Silvia ribadisce il fatto di non essere riuscita a gridare anche perché sentiva che gli altri tre ragazzi si trovavano dietro la porta della camera “e ridevano, ma non intervenivano”. A un certo punto, la giovane sarebbe riuscita a divincolarsi e a raggiungere il bagno. A questo punto “Corsiglia mi ha lanciato il suo asciugamano addosso, dicendo di appenderlo come se fossi una spazzatura. E allora – ricorda la ragazza – sono scoppiata a piangere, altri due ragazzi sono entrati in bagno a vedere e mi continuavano a dire “Eh perché stai piangendo, cos’è successo?”. Una farsa, per la ragazza, poiché gli altri avrebbero assistito a tutto.
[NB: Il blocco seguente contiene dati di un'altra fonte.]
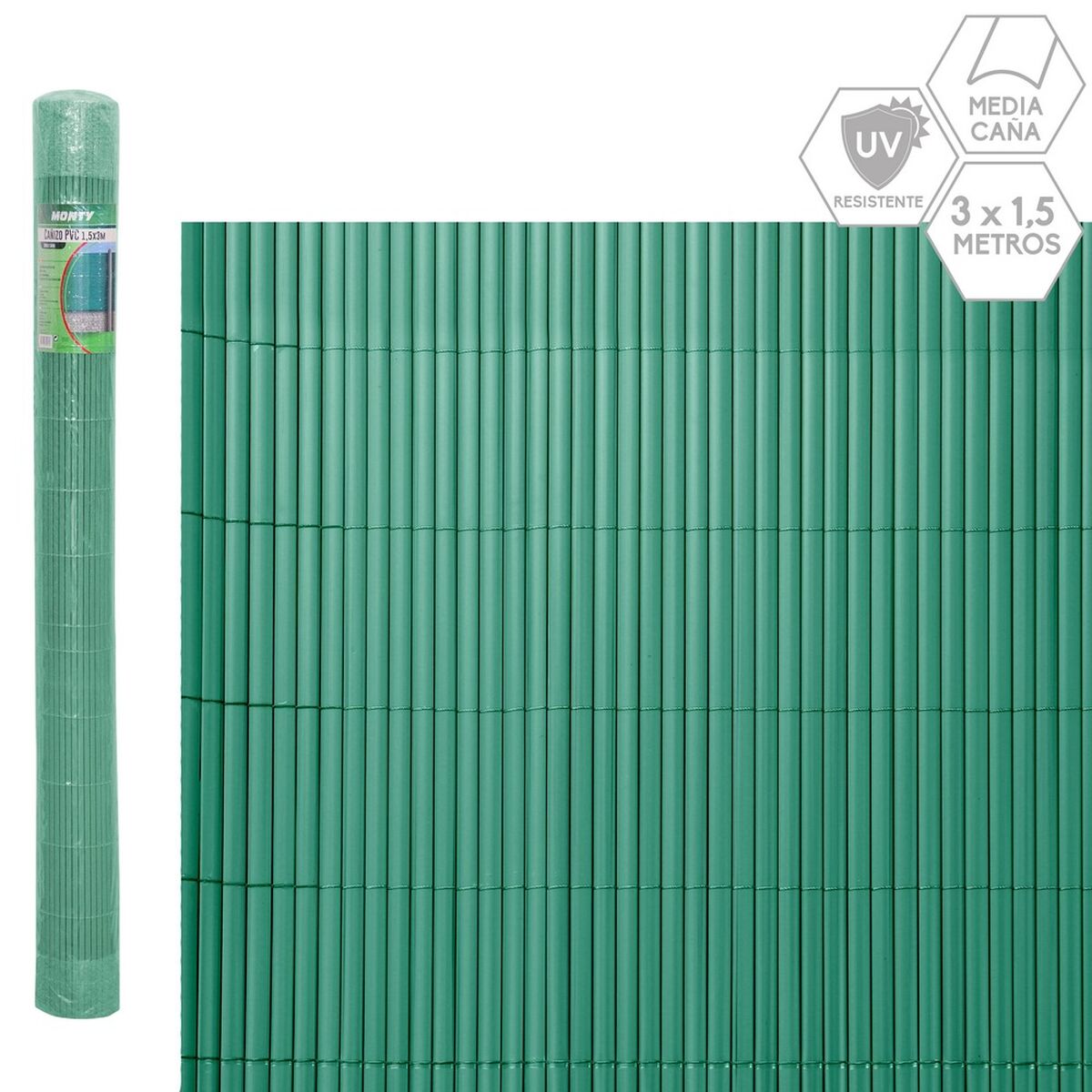 Schutting Groen PVC Plastic 3 x 1,5 cm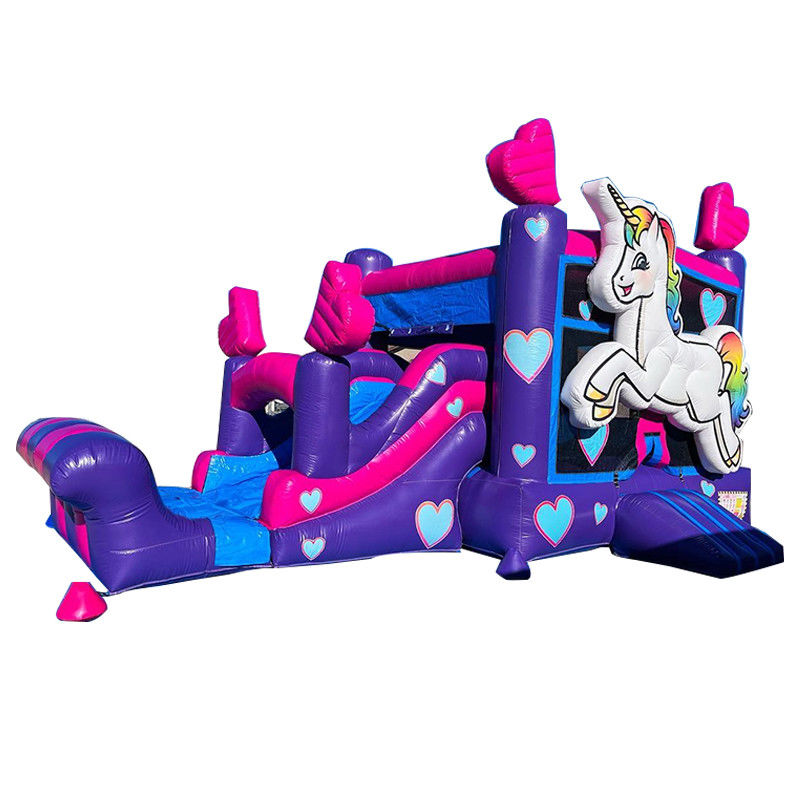Επισκευαστικά κιτ Παρέχονται Εμπορικά PVC Rainbow Unicorn Bounce House με διαδρόμιο και πισίνα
Poi la giovane sarebbe andata nella camera della sua amica, Roberta, la quale però stava dormendo. “Possiamo andare a casa?”, le aveva domandato Silvia, ma la compagna avrebbe fatto spallucce, tornando a dormire. Nella ricostruzione, la giovane ha raccontato nel dettaglio anche l’ormai nota vicenda della vodka. “Per distrarmi mi hanno offerto da bere, mi hanno tenuto la testa e fatto bere metà bottiglia di vodka. La mia testa ha iniziato a girare, ma ero abbastanza lucida ancora. Mi hanno accompagnato in una stanza, mi hanno detto che potevo dormire lì, che potevo stare tranquill”. E, invece, a questo punto sarebbe iniziato lo stupro di gruppo.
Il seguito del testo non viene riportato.